The second is a matter of protocol. Biden would have a better claim than Kerry to be treated as an appropriate stand-in for the president. It is easier for other governments to accept the vice president as a replacement for the president than the secretary of state. Al Gore's tenure as vice president established the precedent that the American VP was the appropriate interlocutor for prime ministers in other governments (especially Russian prime ministers Viktor Chernomyrdin and Yevgeny Primakov). More recently, we have the precedent set at the 2012 G-8 summit that a president unable to attend (in this case, Vladimir Putin, who also claimed to have pressing domestic matters to settle) that a prime minister would be treated as a near-peer of the other heads of state. Citing the Medvedev precedent, Biden could have been dispatched to Indonesia (and then to Brunei for the East Asia summit).

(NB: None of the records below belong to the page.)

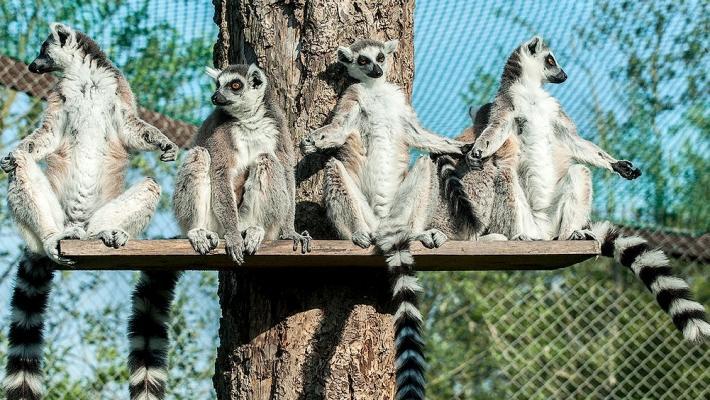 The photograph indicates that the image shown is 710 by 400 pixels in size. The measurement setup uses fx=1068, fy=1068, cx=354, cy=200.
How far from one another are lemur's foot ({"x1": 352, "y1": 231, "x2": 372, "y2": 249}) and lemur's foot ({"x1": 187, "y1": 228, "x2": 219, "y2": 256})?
66cm

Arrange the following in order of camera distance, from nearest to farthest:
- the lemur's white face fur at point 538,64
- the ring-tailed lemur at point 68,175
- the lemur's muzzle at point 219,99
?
the ring-tailed lemur at point 68,175
the lemur's muzzle at point 219,99
the lemur's white face fur at point 538,64

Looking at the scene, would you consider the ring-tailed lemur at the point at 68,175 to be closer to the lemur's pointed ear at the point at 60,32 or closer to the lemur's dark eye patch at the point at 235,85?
the lemur's pointed ear at the point at 60,32

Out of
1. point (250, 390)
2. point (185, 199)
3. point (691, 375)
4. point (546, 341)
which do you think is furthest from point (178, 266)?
point (691, 375)

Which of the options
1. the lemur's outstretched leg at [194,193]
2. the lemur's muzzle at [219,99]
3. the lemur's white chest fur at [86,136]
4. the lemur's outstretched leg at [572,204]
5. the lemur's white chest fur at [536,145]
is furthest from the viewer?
the lemur's white chest fur at [536,145]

Throughout his tenure as vice president, Biden has been dispatched as a troubleshooter for the administration on foreign-policy issues. Earlier this year, he "tracked" the visits of key Chinese officials to Latin America, following up by continuing to stress America's engagement with the countries of the hemisphere. It was Biden who made critical visits to India and to Brazil, in an effort to reassure these rising powers and leading democracies of the global South of continuing U.S. engagement. My guess is that a number of key Asian leaders—who were counting on the opportunity to be able to converse directly with Obama—would feel better served by returning to their countries by being able to point to substantive conversations with the vice president rather than the secretary of state.

Perhaps Biden was kept in Washington out of a sense that his domestic political experience would help to resolve the government shutdown. But the government of the world's sole superpower has to be able to walk and chew gum at the same time; the rest of the world does not set aside its business to accommodate the U.S. political calendar. There may also be concerns, based on earlier signs, that Biden might be setting himself up as the "heir" in order to better facilitate a run for the White House in 2016; a photo-op of him "looking presidential" could enhance those efforts. I hope that these calculations did not enter into the picture, for if Biden's presence at the APEC and East Asia summits could produce more dividends for the United States, in terms of reassuring now increasingly jittery allies that the United States is not serious about its pivot to Asia, then he should have gone.

No doubt the mantra in Washington is that this will all be fixed later. The United States will not disappear as an Asia-Pacific power overnight, but when even close allies like Australia make time to court China (the new prime minister Tony Abbott's first bilateral meeting was to have been with Obama—but instead was held with Xi) Washington cannot take any country in the region for granted. At any rate, the Obama administration, once the shutdown crisis is resolved, will have to be prepared to make a full-court press to regain the initiative in the region if its rhetoric about the pivot to Asia will have any remaining credibility.

Nikolas K. Gvosdev, a senior editor at The National Interest, is a professor of national-security studies at the U.S. Naval War College. The views expressed are entirely his own.